Tuesday, February 17, 2009

Setting the Table

This morning I met with Liz and Holly (see previous post) to work on a collaboration we want to do--Setting the Table. We brought work upstairs from Holly's studio that each of us were drawn to, and moved them around on top of studies of weavings that I had done and some ikat fragments and sketches for new ikat that Liz brought. Collaboration can take so many different forms. This was our second meeting, and we are feeling it out, trying to find the format that will work for us. We pointed out aspects of the work that we appreciated, saw how one fabric could bring out the details of a plate, where another would dull it. Finally we came to the conclusion that anything we did would be fine.

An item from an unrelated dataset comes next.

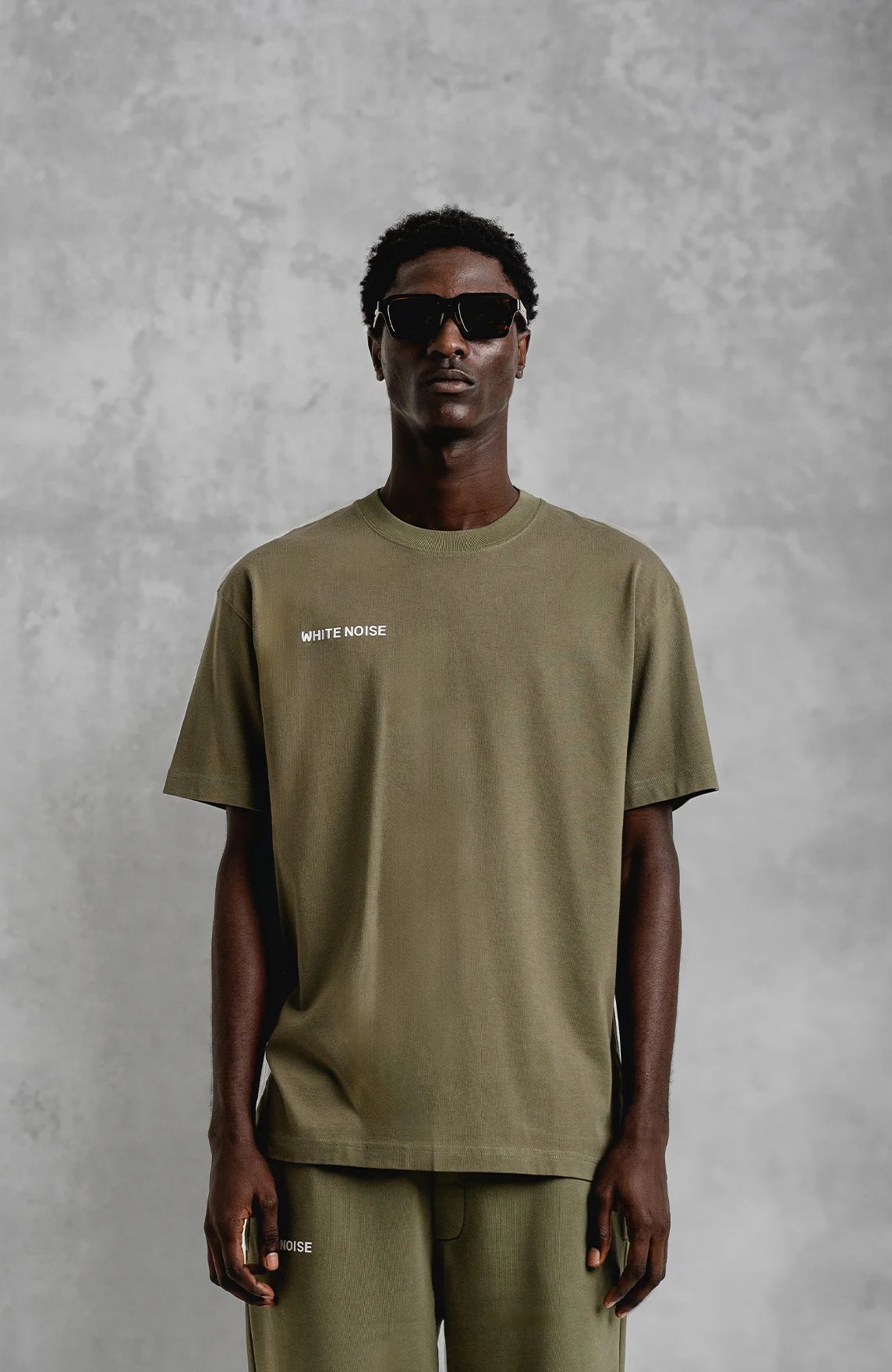 BRANDED GRAPHIC T-SHIRT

Does that sound vain? It was really more about appreciating the way each of us works, honoring our differences, giving credence to the different ways we work--trusting each other. In fact, the attraction we have for each other's work is probably one of the reasons why we want to do this collaboration. So we parted with a date on our calendar in March when we will bring new work together and have a more concrete discussion of what to keep in, what to put aside. 

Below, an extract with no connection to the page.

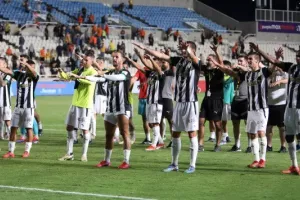 ΑΠΟΕΛ - ΑΕΚ: Μεγάλο διπλό με Φαράζ!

I have flirted with functional cloth before but never seriously pursued it. Whether my weaving is functional or not, the hard part for me is getting started. I feel I know how to do everything, or at least if I am not sure of something I know how to research it so I can do it, but I never know what to do. What is worth making? If I was a writer, it would be like getting stuck because I wanted to write "the great American novel". You can't set out to do that, it is too overwhelming a prospect. Well, that is what I am like when I approach my looms--I always want to make something terrific, something beautiful, something admirable. In order to start, I have to lecture myself about making and expectations--to leave the expectations aside and just begin work. The work itself usually takes on a life of its own and begins to inform me where to go. When I used to do brocade and would be working with hundreds of supplementary threads, I swear they would tell me, "go left, go right, stop, add more..." There is a dialogue that happens between the process and the artist so getting to work is often the answer to questions of what to do. Begin and the answers will come. It seems always to be plural--never one answer but lots of possibilities, and of course you take one direction and that leads to more possibilities. It is quite a dynamic process, this making something.

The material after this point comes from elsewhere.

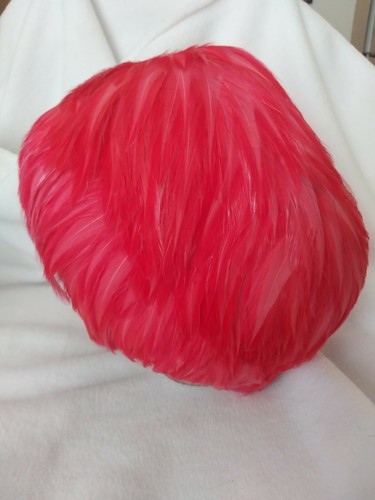 VINTAGE "DESIGNED BY LORA" PINK FEATHERED HAT! STU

In many ways, working with Photoshop with its layers and potential to save all the variations is a similar process of starting in one place and going forward to a point of decision, and then proceeding to the next decision, until you reach a place where you, or the work, says stop. In weaving, which starts at the bottom and proceeds line by line, you don't really have the option to go back (though of course there are people who do unweave; and there is always the option when the weaving is done to change it through other processes like embroidery or painting or cutting and collage). Photoshop lets you save the work at each decision point, and you can return to that after following another path, and try it again. I think it can become an endless loop of variations. One could stay with the same starting point and end up at different end results forever. Just like one could work with plain weave their whole career and never come to the end of its possibilities.

I don't know today where my part of the collaboration is going, but I will post here as it progresses and keep you informed. Someone wrote what a neat studio I have, and it is true, but remember I haven't actually started to work up there yet either. Just had the pleasure of placing things in what seems ideal position for now. You know how work goes though--looms will get pushed out, yarn will come off the shelves, and hopefully the threads will begin talking to me and telling me what to do next.

1 comment:

  1. endless loop of variations... so that's where i'm at.